BJP makes Karnataka turf for scandals and self-goals

The Bharatiya Janata Party (BJP) seems to be turning Karnataka from its ‘gateway to the south’ into its playground for scandals and self-goals. As of now scams outnumber self-goals but both appear to impact the party with the same intensity.

As the outrage over three ministers being involved in sleazegate continued, came the shocker that the party tried to pressure a senior advocate to give up prosecuting Tamil Nadu Chief Minister J. Jayalalithaa in a corruption case.

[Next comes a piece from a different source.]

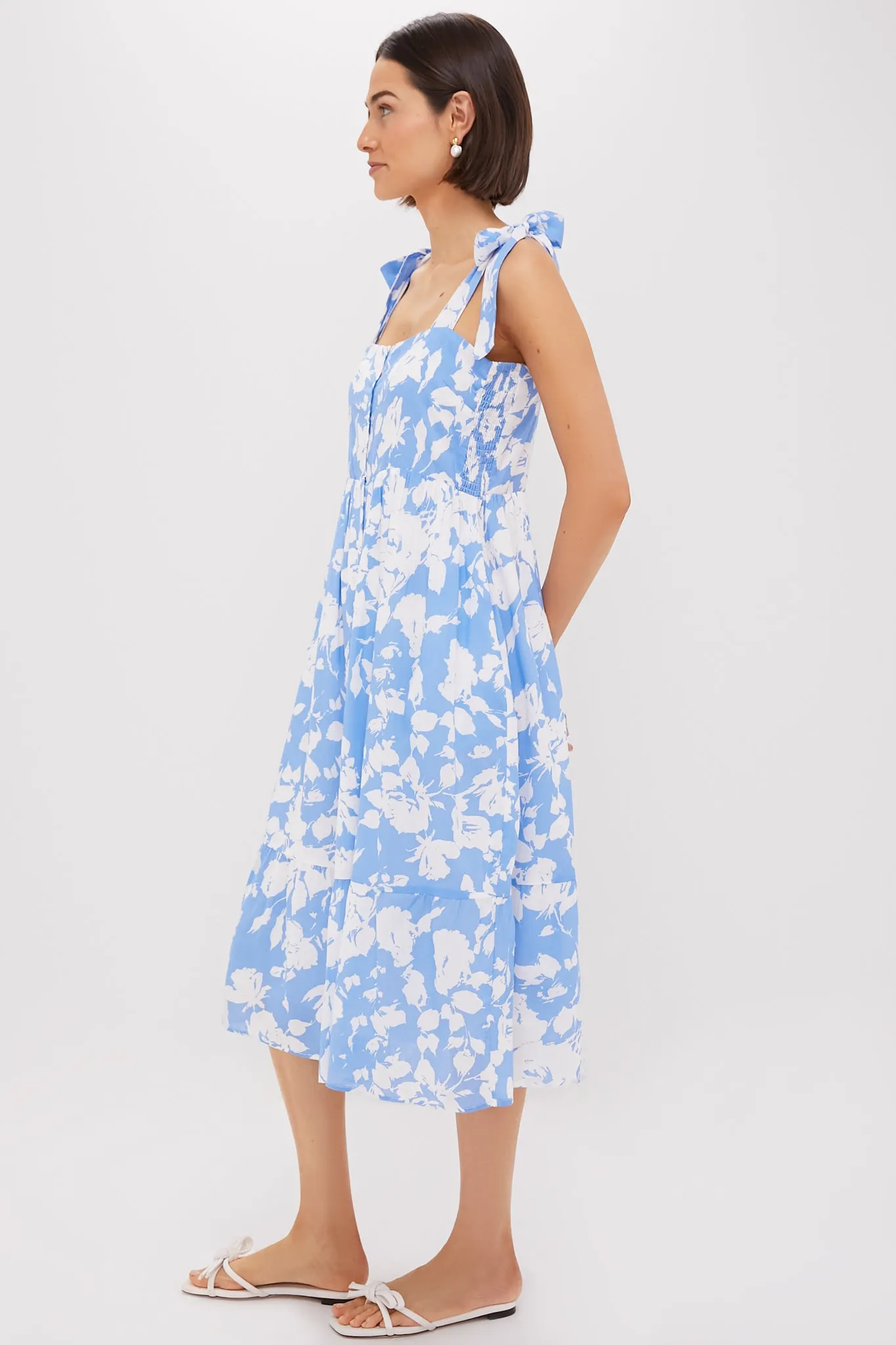 Blue & White Floral Lupine Midi Dress sold by Tuckernuck product image thumbnail 3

The denials and explanations that have come following the revelation by 78-year-old veteran advocate B.V. Acharya only go to prove that the BJP is prone to tying itself in knots.

Acharya quit Wednesday as advocate general, citing “tremendous pressure” from the state government and some BJP leaders to quit as special public prosecutor (SPP) in the case against Jayalalithaa.

He did not identify the BJP leaders but chose to hit back at them by preferring to remain the SPP rather than advocate general.

Acharya has been SPP since 2004 after the case against Jayalalithaa was transferred to a Bangalore court from Chennai by the Supreme Court to ensure fair trial.

He has also held the post of advocate general simultaneously in 2007-08.

The BJP government headed by Chief Minister D. V. Sadananda Gowda was aware that he is the SPP in the Jayalalithaa case when it sought his services as advocate general in August last year.

Now Gowda says that Acharya was told to choose between the AG’s post and SPP’s post because a petition has been filed in the high court challenging his holding two positions.

Gowda denies telling Acharya to give up the SPP post.

The honourable course for Gowda and the BJP would have been to wait for the high court to give its verdict on the petition instead of appointing itself as an arbitrator in the case to impose a ‘this or that’ diktat on Acharya.

Acharya insists there is no bar on him being the AG and SSP at the same time. He should know his law as he has been AG for several times and is now a member of the Law Commission!

This is a clear case of acting in haste to later spend a lot of time unconvincingly defending what was easily an unwarranted step.

The action has only led to speculation that the BJP has begun hunting for allies for the Lok Sabha elections, due in early 2014, and possibly making Acharya quit as SPP was one way of moving closer to Jayalalithaa.

Such a theory might be far-fetched as it is not clear how Jayalalithaa will benefit if Acharya is no longer the SPP.

But with the BJP in Karnataka mired in scandals ranging from rape to porn viewing, public perception will surely be ‘daal mei kuch kaala hain’ (things are not what they seem to be), as the popular Hindi saying goes.

The AG row shows that from being a party with a difference the BJP has become a party that cannot differentiate between self-goal and self-interest.